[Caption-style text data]
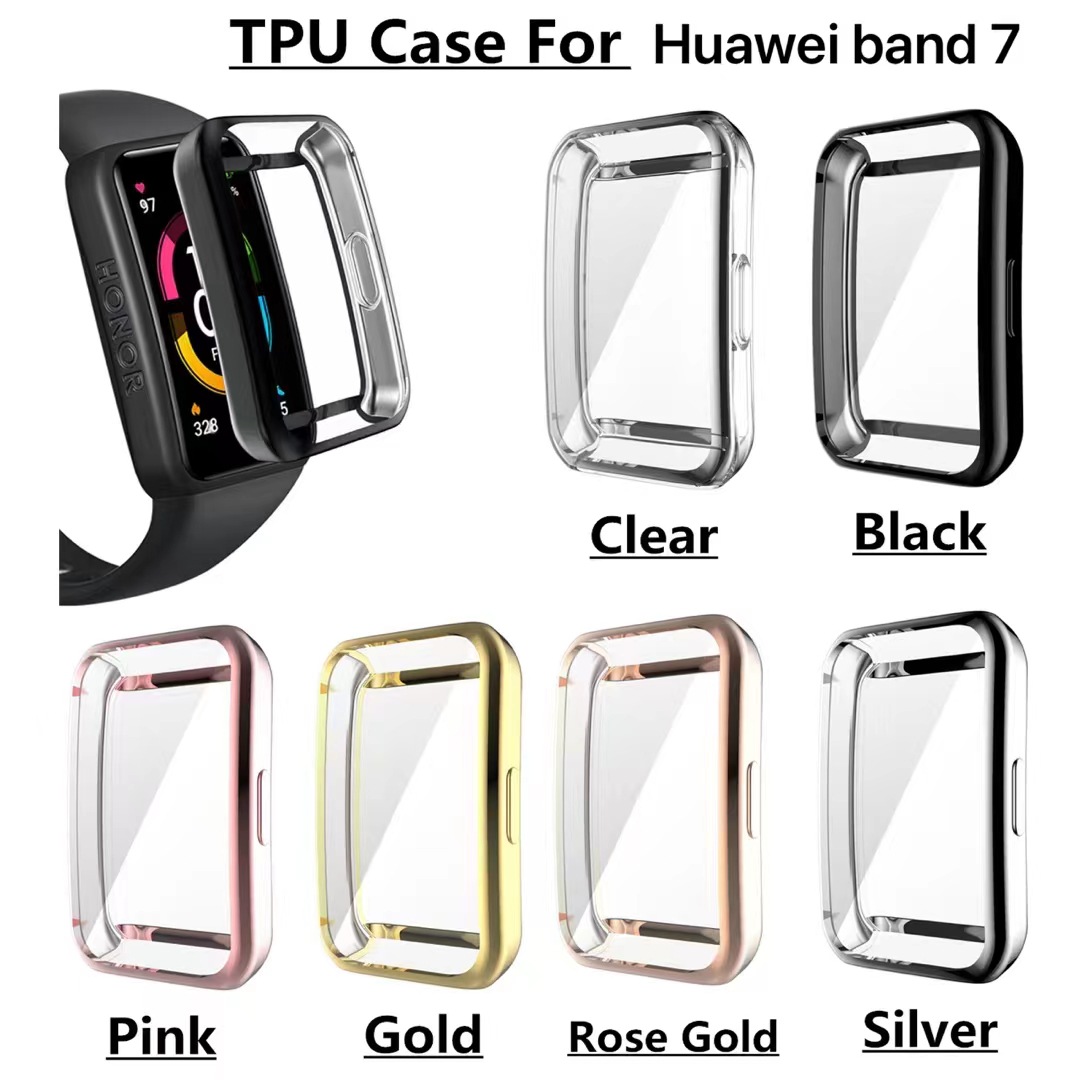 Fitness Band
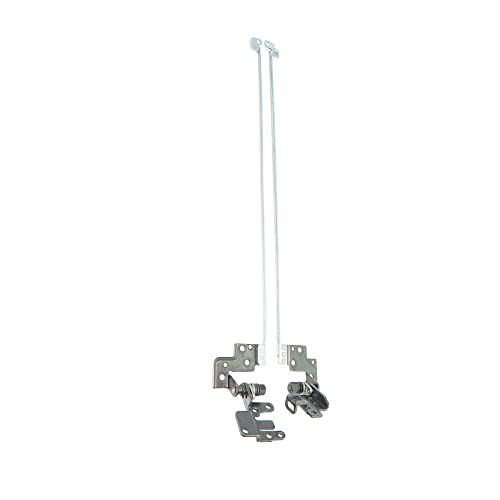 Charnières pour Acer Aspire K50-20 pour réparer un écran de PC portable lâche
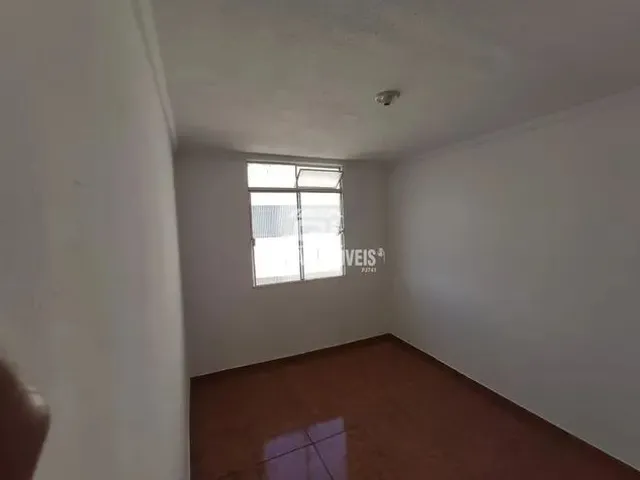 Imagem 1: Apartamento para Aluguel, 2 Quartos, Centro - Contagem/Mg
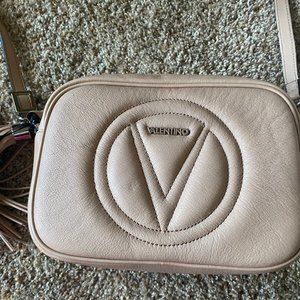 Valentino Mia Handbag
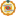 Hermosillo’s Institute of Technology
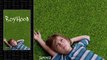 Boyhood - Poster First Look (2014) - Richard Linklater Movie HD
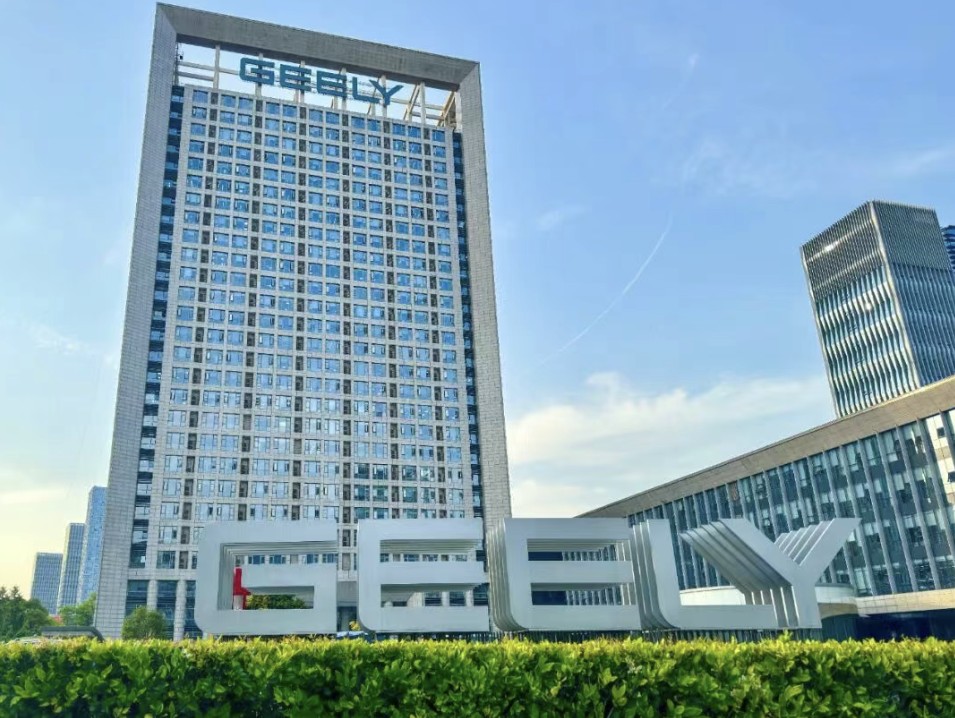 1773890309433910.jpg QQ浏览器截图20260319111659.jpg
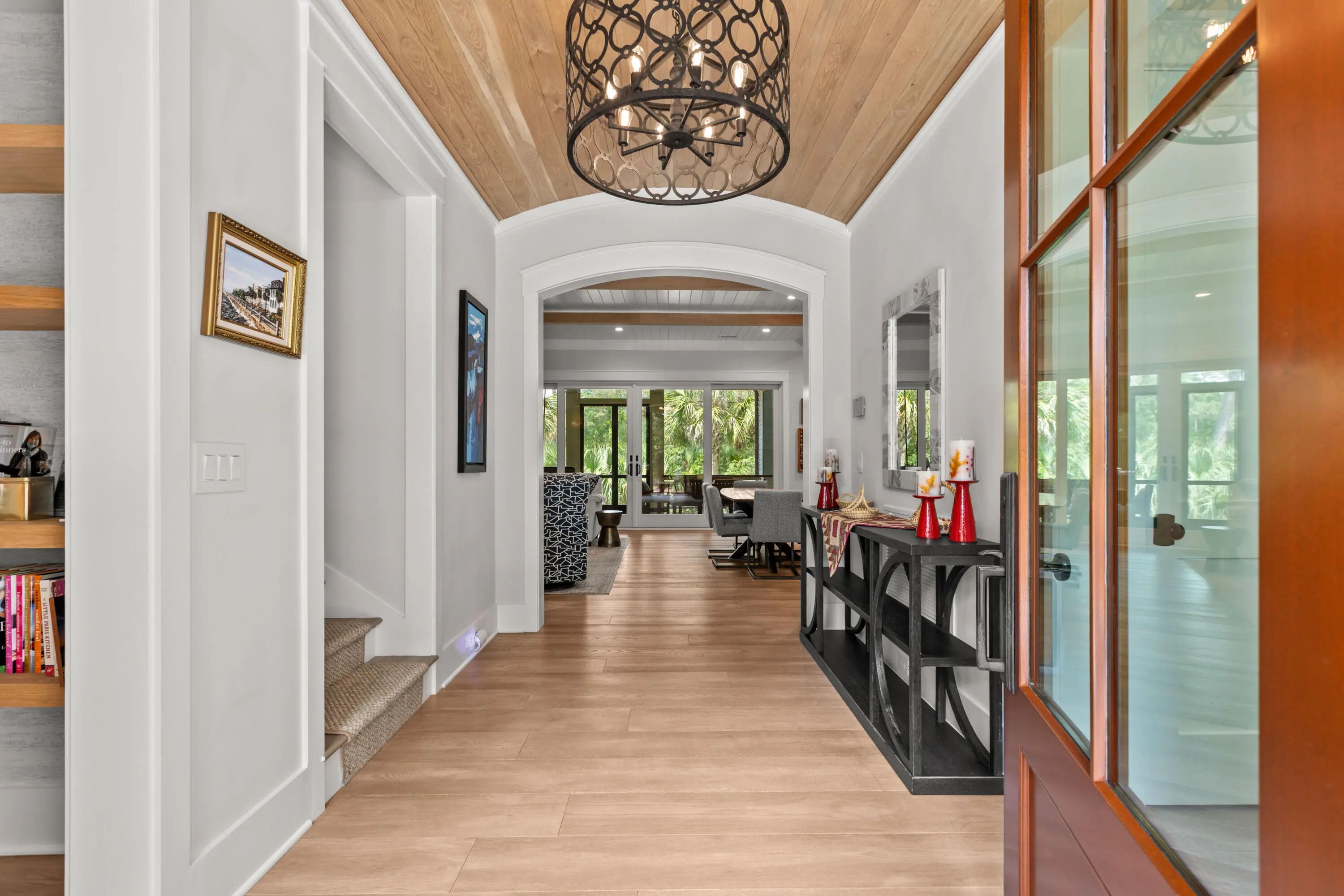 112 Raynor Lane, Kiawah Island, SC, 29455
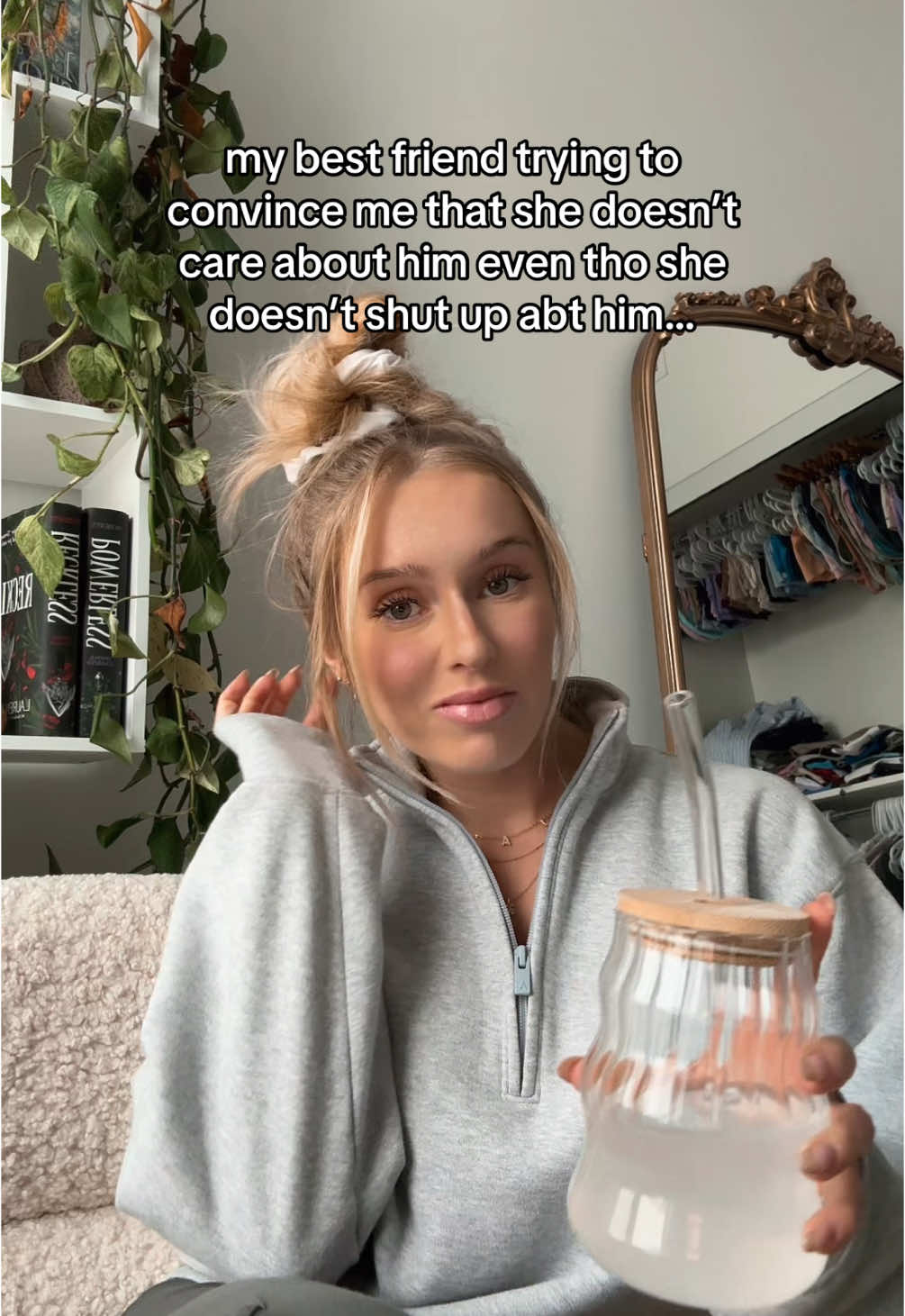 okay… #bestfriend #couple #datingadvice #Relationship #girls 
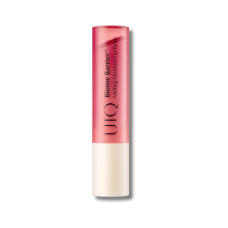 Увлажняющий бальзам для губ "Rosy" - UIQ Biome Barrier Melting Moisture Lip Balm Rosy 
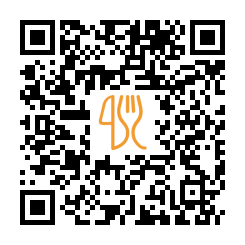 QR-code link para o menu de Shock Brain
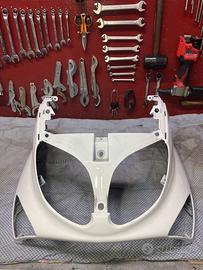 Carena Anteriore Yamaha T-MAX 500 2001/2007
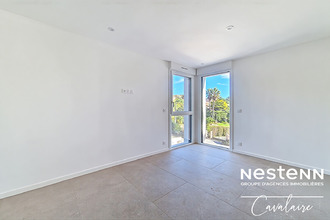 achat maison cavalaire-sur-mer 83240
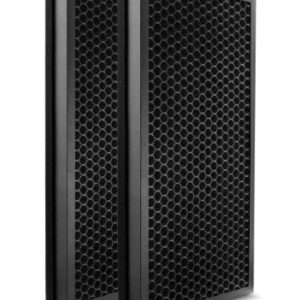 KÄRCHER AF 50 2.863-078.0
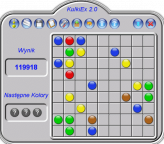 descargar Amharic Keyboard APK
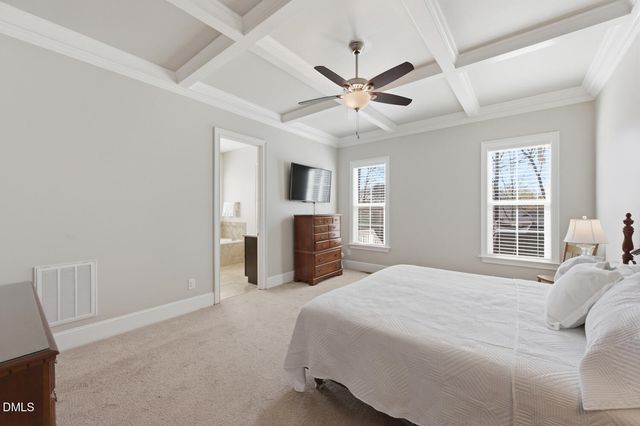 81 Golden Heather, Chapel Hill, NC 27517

## What the task requires
For this exercise, return exactly the lines above from the line with "Imagem 1: Apartamento" through the line with "okay… #bestfriend #couple", both included. Do not copy the pictures.

## Result of this task
 Imagem 1: Apartamento para Aluguel, 2 Quartos, Centro - Contagem/Mg
 Valentino Mia Handbag
 Hermosillo’s Institute of Technology
 Boyhood - Poster First Look (2014) - Richard Linklater Movie HD
 1773890309433910.jpg QQ浏览器截图20260319111659.jpg
 112 Raynor Lane, Kiawah Island, SC, 29455
 okay… #bestfriend #couple #datingadvice #Relationship #girls 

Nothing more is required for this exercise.